メコン河開発メールサービス 2002年3月18日


メコン河流域開発のいわば調整役として1995年に発足したメコン河委員会(MRC)。

設立協定に謳われていた「流域開発計画(BDP)」がようやく動き出します。しかし、MRCのリーダーシップには疑問の声が根強くあります。

上流開発を進める中国とビルマ(ミャンマー)が不参加であること。資金規模が小さく、インフラ開発を進めるアジア開発銀行(ADB)に押されっぱなしであること・・・。

日本政府もADBには多額の資金協力をしていますが、MRCを担当しているのは外務省職員がわずか1人。それも兼務という有様です。

MRCがどこまでメコン河流域開発を環境面で悪影響がなく、流域住民にとって恩恵をもたらすものにできるのか・・・。以下は、MRCのクリスティンセン事務局長(CEO)の投稿です。


【フォーカス】メコンと共に生きる
地域協力が食糧安全保障のカギ:メコン河委員会が流域の開発を主眼とする計画を今日開始

ジョーン・クリスティンセン 

バンコク・ポスト 2002年2月15日

現在メコン河流域は漁業シーズンである。雨季の間に孵化した稚魚の群れは、成長した今、引いていく水の流れに乗ってメコン河本流へ何百キロ・何千キロの降河の旅に出る。

Sok Meanさんは、カンボジア中部のTonle Kraewという小さな村に住む。そこは巨大なサップ湖(トンレサップ)のほとりで、サップ湖はメコン河に流出し流域帯の一部を形成する。40歳の彼女には夫と7人の子どもがいる。彼女はメコン河を愛する。「メコン河は私にとっても皆にとっても、とても大切です。河は私たちに魚と生活の糧をもたらしてくれます。この地域に住む私たちは漁業しか知りません。魚を捕り、燻製や塩漬け、醗酵した魚、そしてプラホック(訳者注:小魚からできる塩辛のようなペースト)をつくります。だからメコン河はかけがえのない大切な河なのです。河は神様のようなものです。河が私たちを支えてくれているのです。そのおかげで私は家族を養うことができます。」

メコン河下流域で生産される米の重要性についてはよく理解されているが、魚が流域に住む人びとの食料安全保障全体の中で果たす役割は必ずしもきちんと認識されているわけはない。この地域では米と魚が村に住む人々の食料安全保障の基盤となっている。村人にとって、魚は最も貴重な動物性蛋白源であり重要な収入源でもある。

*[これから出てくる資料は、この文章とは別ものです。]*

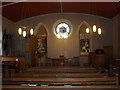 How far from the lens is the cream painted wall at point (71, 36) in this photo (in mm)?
15391

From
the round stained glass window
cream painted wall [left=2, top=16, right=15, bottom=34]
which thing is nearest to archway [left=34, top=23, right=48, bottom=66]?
the round stained glass window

メコン河流域全体では人口一人あたりの魚の消費量は年間約20キログラムと推定されているが、ラオス・ルアンパバンの高地(訳者注:北部、メコン河に臨む)では29キログラム、またカンボジアのトンレサップ氾濫原では71キログラムにものぼる。魚のペーストなどの伝統的な生産物は、カルシウムやビタミンAなどの栄養素の貴重な源となっている。

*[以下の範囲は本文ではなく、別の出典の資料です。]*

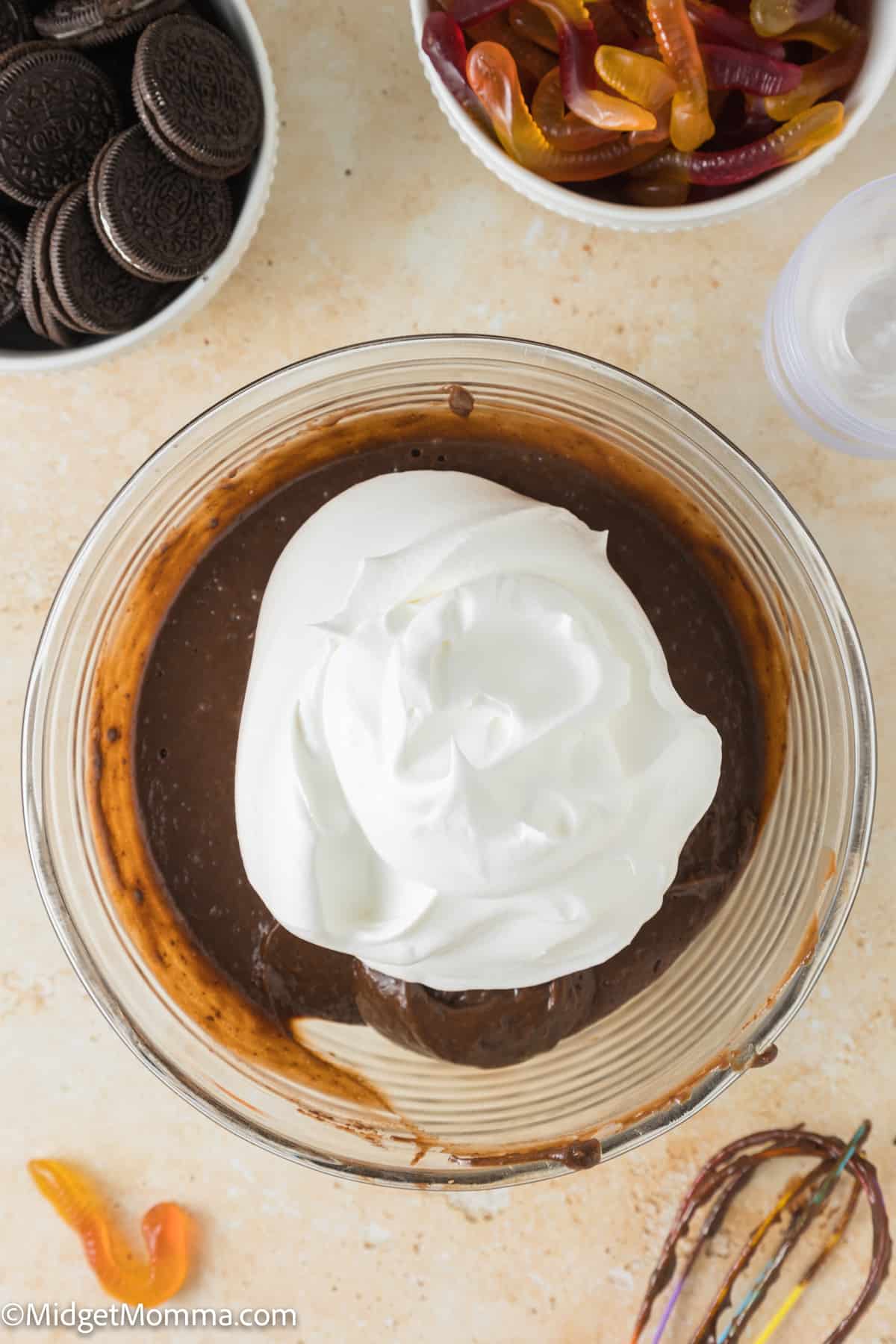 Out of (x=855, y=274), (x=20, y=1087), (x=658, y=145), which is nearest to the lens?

魚と魚からできる食産物は、「アジアの牛乳」と呼んで差し支えない。そしてこの牛乳の源がおおいなるメコン河なのである。

メコン河下流域の人口は2025年までに65%増加し、およそ1億人にのぼる見込みである。これに伴い食料と水の需要の高まりも予想される。したがって、食料安全保障は河下流域四政府の共通の最重要課題なのである。

開発に関わる人々の間では、貧困削減戦略計画が開発援助プログラムの基本となるべきだとの方法論で概ね合意が得られている。そして戦略は一国レベルでの貧困削減を目標とすることが多い。この方法論は一国の文脈の中では非常に有効であるが、河川が数ヶ国にまたがり、河川のもたらす資源への依存度が経済的にも社会的にも高い地域では、開発が国境を越えてもたらす影響を十分に考慮しているとは言い難い。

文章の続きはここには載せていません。